Do alto do seu discernimento, o bispo não quis privar os crentes da obrigação que os leva à missa de domingo. Estando as praias mais convidativas que os bancos da igreja, o bispo pegou nas trouxas e acampou o altar em plena areia. Matou três coelhos com uma cajadada. Primeiro, exibiu um surpreendente refrescamento da bafienta entidade que não cessa de aspergir sobre crentes e não crentes sinais de passadismo doentio. Segundo, mostrou que a igreja pode estar ao serviço dos fiéis. Inverte-se o plano do relacionamento: por uma vez que seja, não são os fiéis que se ajoelham, na sua infinita pequenez, perante a grandiosidade da perene igreja. É a igreja convertida a um pregão do mercado, o que sentencia que o cliente tem sempre razão. Terceiro, a jogada do bispo foi de um estratega de primeira água: naquele domingo, a eucaristia teve uma audiência sem precedentes. Nunca tantos foram os espectadores da missa. Os voluntários e os involuntários. A “palavra do senhor” chegou até a quem não a queria escutar. A alternativa seria tamponar os ouvidos ou mudar de praia.

Eu até acho bem que a igreja abra as janelas e deixe entrar ar fresco para o quarto tão cheio de mofo. Que se modernize, vá até às pessoas, percebendo que o mundo evolui e arrasta as pessoas para alterações de mentalidades. Ainda que seja matéria estranha a um ateu, o ateu não pode deixar de aplaudir quando a entidade eclesiástica instrui os sacerdotes para uma visão mais arejada do mundo. A igreja tem de descer do mundo etéreo, equiparar-se aos mortais a que se dirige. Fazer a missa na praia pode ser o primeiro passo. Ainda que de outras paragens venham sinais anteriores da modernização da igreja: a famosa teologia da libertação cunhada em países latino-americanos, que faz a síntese de Cristo e Marx, aceitando que o “povo oprimido” se muna de armas para fazer a revolução.
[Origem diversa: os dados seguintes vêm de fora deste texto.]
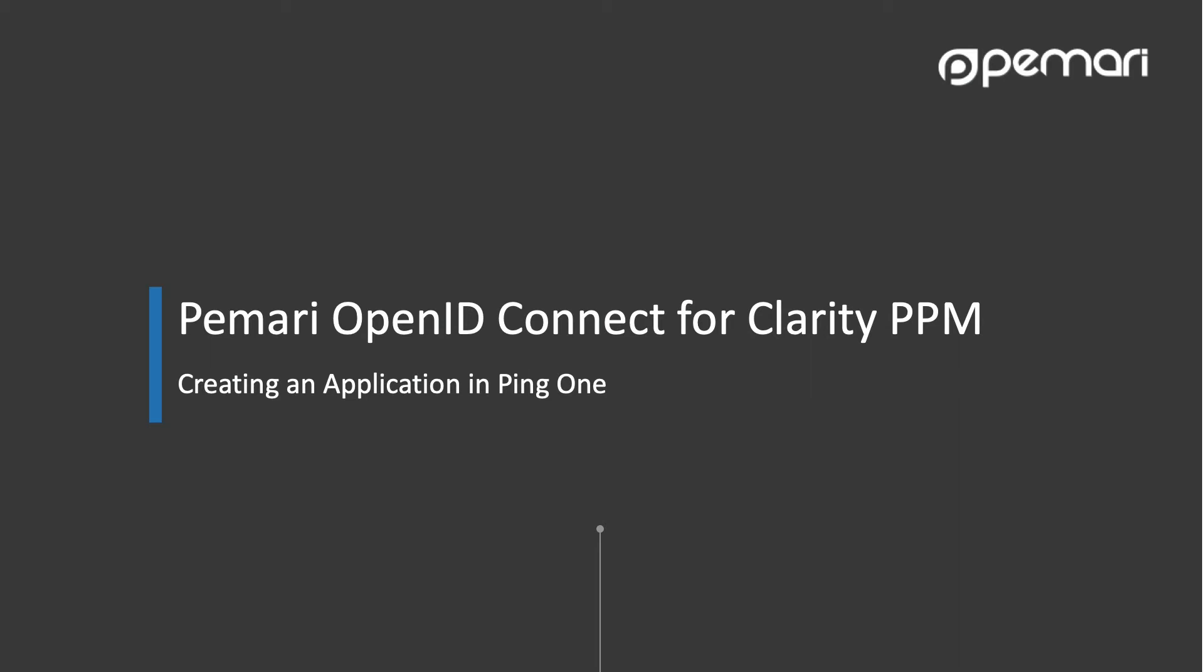Hello, this video runs through the process of creating an application in Ping that will be used by Pemari's OpenID Connect for Clarity PPM product to enable single sign-on between Clarity PPM and Ping.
Desinteressado, porque militantemente ateu, daqui ofereço os meus préstimos para a modernização da igreja católica. Para além de missas em locais improváveis, seriam dadas instruções aos mais jovens padres para palmilharem locais de devassidão humana, tentando convencer os ímpios que só a purificação da alma revela os frondosos caminhos do apaziguamento interior. A peregrinação seria complementada por missas à porta dos lupanares onde as hormonas tomam de assalto a dignidade do espírito. Assim como assim, os padres habituados às missas dominicais no meio da praia estariam treinados a ver corpos femininos apenas envergando minimalistas biquínis. Logo, preparados estariam para enfrentar as voluptuosas alternadeiras que são a tentação carnal que traz tantos clientes em pecado. Seriam os padres acusados de cercear o funcionamento de um mercado, o mercado onde a excitação das hormonas masculinas coisifica a mulher (tratada como “carne branca”); teriam, por esse motivo, o aplauso de outros frades que se coçam de alergia por tanto capitalismo que os cerca. Seria uma aliança insólita, sacerdotes católicos e frades da esquerda caviar em uníssono contra as excrescências do capitalismo.

Em matéria de compreensão da realidade, o tirocínio ideal para sacerdotes mais arejados seria frequentar o acampamento de Verão da esquerda caviar. Seria o começo de uma aliança idílica.